It's been talk of the town for three years now. Should the city of Albany and Dougherty County consolidate?

Dr. Ira Roth served on the consolidation study commission. "Our original study commission voted unanimously to push to process forward and ultimately allow the voters decide and unfortunately three individuals decided we're all not smart enough to do that."

There have been numerous public hearings, two separate commissions and thousands of tax dollars, about $150,000, spent on studying if consolidation would suit voters, but now you won't have a chance to decide for yourself.   "It's a complete show of arrogance to the individuals that voted against it that maybe they might be a little smarter than voters of Albany and Dougherty County, and it's very disturbing that they think that way."

Today county commissioners voted three to three on the charter. Commissioners Lingle, Hudgins, and chairman Jeff Sinyard voted in favor, tying it three to three. Sinyard says, he too is disappointed with the vote.   "I feel very strongly that regardless of what side you fall on for or against is, the people should decide how they're governed and I'm disappointed that we're not sending the process forward."

Commissioners Stone, Searles and Hayes voted against passing along the charter. Hayes says he agrees it should go to the people, but doesn't believe they have enough information to vote on it right now.   "My vote was to kill it to allow time to do just what I had asked to be done, and that is that we perhaps establish some clusters where we're able to go to the voters and have more discussion about this."

He says he views his vote as more of a suspension than completely putting a stop to the issue. He says people must have more information.   "What I've found is that most voters don't have an understanding about something that I think is vitally important."

But Roth thinks it's important to let the voters decide, and says they need to speak out if they disagree with the commissions vote. "Even if you're personally against the idea, you should be equally incensed like I am that there's people that think they know better than you do and a starting point would be to get on the phone."

It would have taken both the city and county voting in favor of the charter in order to pass it along to the General Assembly, then to the Department of Justice and ultimately to you. Now, the city commission's vote would be a moot point.  

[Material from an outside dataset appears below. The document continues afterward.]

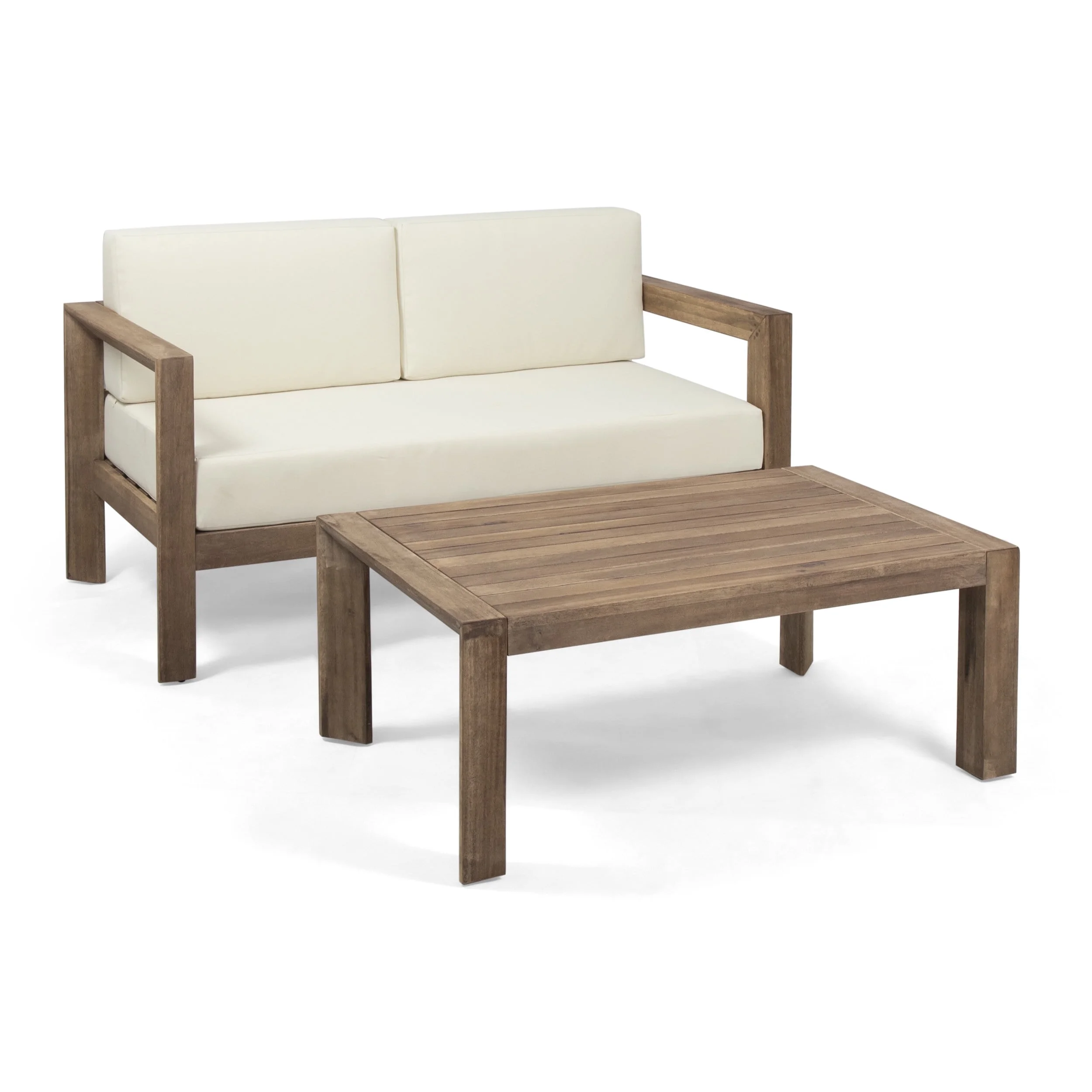 GDF Studio Lucia Outdoor Acacia Wood Loveseat and Coffee Table Set with Cushions, Beige and Brown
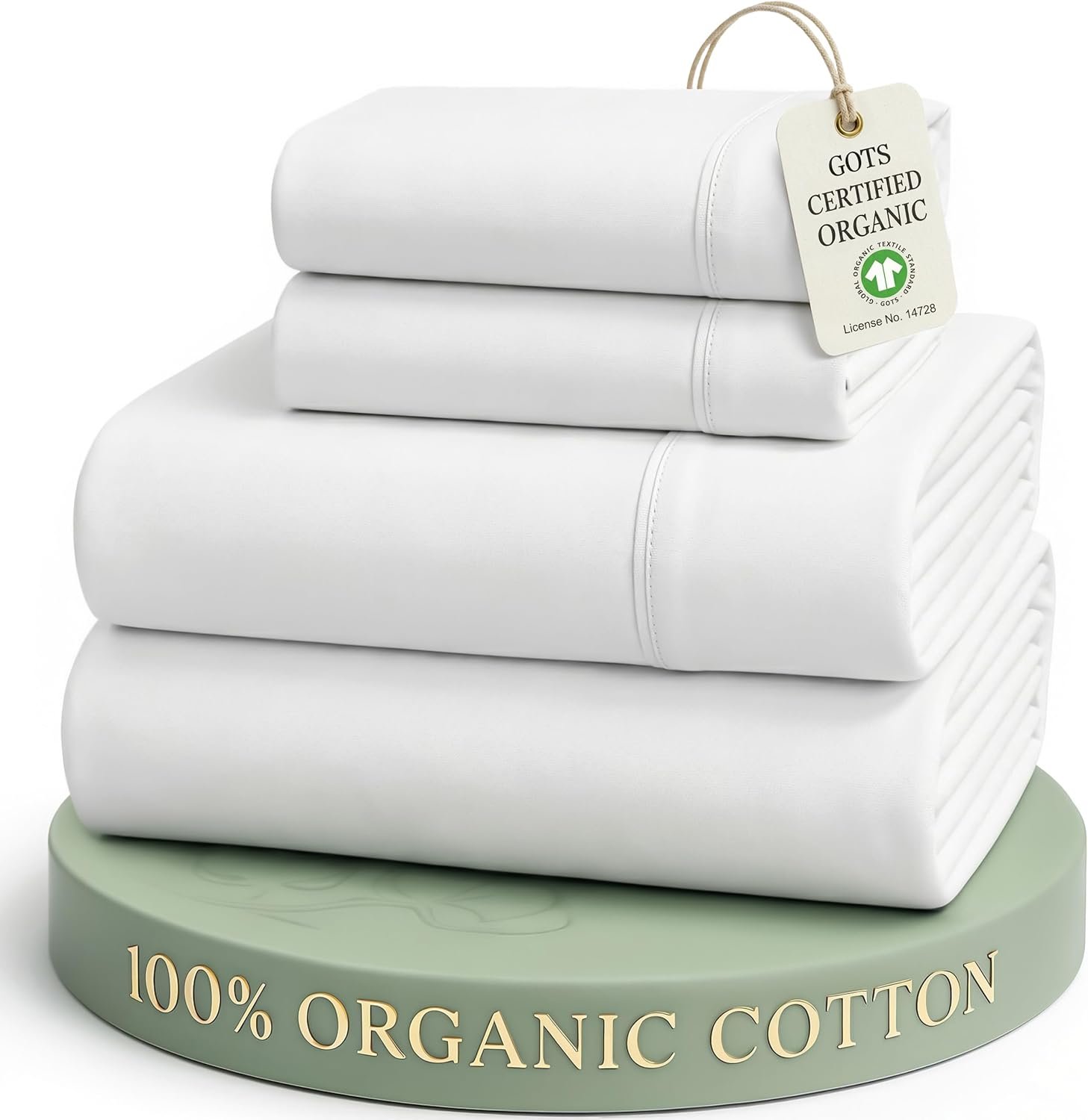 LANE LINEN Eco Friendly 100% Organic Cotton Queen Sheet Set, Soft & Comfy Fully Elasticized 15″ Deep Pocket Bed Sheets, Low Pill Naturally Cooling Machine Wash Sábanas Queen- White Bed Sheets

The vote ended in a tie because District 3 commissioner Brenda Robinson Cutler just resigned. Since it did not get four votes, it could be brought up again.

Art Searles said he believes the people elect commissioners to vote on issues like this for them, because they are not going to take the time to investigate the details themselves. He also says he was deluged with phone calls from constituents asking him to vote against moving the charter forward.